Saat Perang Dunia II berkecamuk, Jepang tampil sebagai negara superpower di Asia Timur dengan kekuatan militernya yang besar. Kala itu, balatentara Dai Nippon sukses melebarkan invasinya di kawasan pasifik. Termasuk Indonesia. Jepang yang tengah haus akan kekuasaan, dipimpin oleh seorang Kaisar yang bernama Hirohito.
Ditopang dengan kekuatan militer yang besar, Jepang secara perlahan berada di bawah bayang-bayang kekuasaan angkatan bersenjata. Terlebih saat awal-awal Hirohito naik ke tampuk kepemimpinan, gejala tersebut semakin menjadi-jadi. Tak salah bila militer Jepang yang begitu perkasa pada era tersebut, membuat sosok Hirohito memainkan peranan kunci bagi masa depan negaranya.
Kaisar yang dianggap sebagai jelmaan dari sosok dewa matahari
Sebagai kaisar Jepang, Hirohito dianggap sebagai Tenno Heika sebagai Yang Mulia Kaisar oleh masyarakat Jepang. Dilansir dari tirto.id, pria yang lahir pada 29 April 1901 di Istana Aoyama, Tokyo, itu, dianggap sebagai keturunan dewa Amaterasu, personifikasi bangsa, pemimpin spiritulitas negara, dan simbol persatuan rakyat Jepang.
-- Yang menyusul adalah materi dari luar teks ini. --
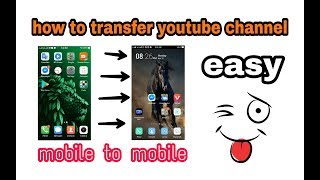 Youtube channel transfer  mobile to mobile ?one mobile to another mobile, tablets, computer, any ?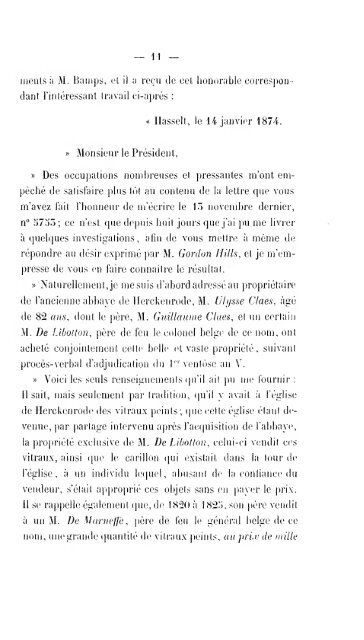 Bulletin des Commissions royales d'art et d'archéologie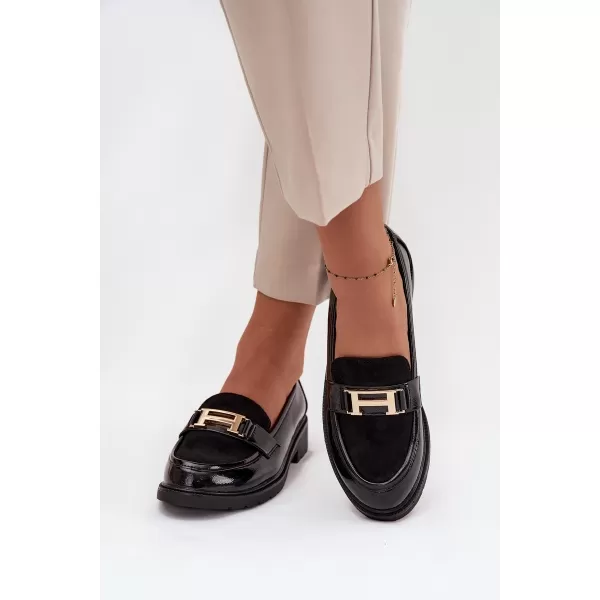  Dámske topánky S.BARSKI HY52-545 BLACK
Tak heran jika sosoknya sangat diistimewakan oleh rakyat Jepang. Salah satunya dengan cara membungkuk sebagai bentuk penghormatan atau biasa disebut Seikerei. Tak hanya itu, Hirohito juga menjadi penyemangat para serdadunya di medan perang untuk menaikkan semangat bertempur seraya memekikkan “Tenno Heika Banzai” atau “hiduplah kaisar.”
Sosok yang wajib “disucikan” oleh negara-negara jajahan Jepang
Tak hanya di Jepang saja, sosok Hirohito juga wajib “disucikan” oleh negara-negara yang menjadi wilayah jajahannya. Termasuk Indonesia. Biasanya, bentuk penghormatan ini dilakukan dengan cara Seikerei alias membungkukkan badan sedalam mungkin. Inilah yang dialami oleh masyarakat Indonesia kala Jepang berkuasa atas tanah nusantara.
Menurut pengakuan Francisca Fanggidaej dalam Memoar Perempuan Revolusioner (2006:47), yang dikutip dari tirto.id menuliskan, Bila seseorang ketahuan membungkuk kurang dalam dalam dan tidak sepenuh hati dalam melaksanakan ritual Seikerei, hukuman yang diberikan adalah tamparan.
Memerintah Jepang yang ditopang dengan kekuatan militer dalam negeri
Saat awal-awal memimpin Jepang, kekuatan militer negeri Matahari Terbit itu tengah tumbuh secara pesat. Hal ini ditandai dengan semakin berkembangnya paham fasisme dan Sebagian besar dari hasil pertumbuhan industri Jepang kemudian dipakai untuk menguatkan pertahanan Jepang.
Keadaan ini membuat kekuatan militer pelan-pelan meningkat di dalam tubuh pemerintahan. Dengan semangat yang ada, militer Jepang menumbuhkan hasrat akan perluasan wilayah dengan aksi utamanya mengebom jalur kereta api di Mukden sebagai alasan untuk menginvasi Cina daratan. Pada masa-masa inilah, Hirohito yang diberi pangkat militer, memerintah Jepang yang ambisius.
Tak dieksekusi sebagai penjahat perang meski telah lenyapkan jutaan nyawa
Saat Jepang mengaku takluk dan menyerah kalah dalam Perang Dunia II, kaisar Hirohito sebagai pemegang tampuk kekuasaan dengan statusnya selaku kepala angkatan bersenjata Jepang, semestinya diseret ke pengadilan internasional atas dasar kejahatan perang. Tak hanya dirinya, tapi juga seluruh keluarga kekaisaran.
Laman tirto.id menuliskan, keputusan Jenderal AS Douglas MacArthur yang memandang Hirohito diperlukan Jepang sebagai simbol kebangkitan pasca-perang, membuatnya lolos dari segala bentuk dakwaan dan tetap meneruskan pemerintahannya hingga tutup usia pada 7 Januari 1989 akibat penyakit kanker usus dua belas jari.
BACA JUGA: 5 Fakta Qin Shi Huang, Kaisar Tiongkok Pertama yang Luar Biasa Tapi Gila
Kaisar juga manusia. Anggapan itu mungkin layak disematkan pada sosok Hirohito di atas. Di mana ia kerap dianggap suci karena keturunan dari dewa matahari yang diagung-agungkan masyarakat Jepang. Toh pada akhirnya, ia juga yang harus menanggung malu atas kehancuran dan kekalahan negaranya pada Agustus 1945 usai di bom atom oleh pasukan sekutu.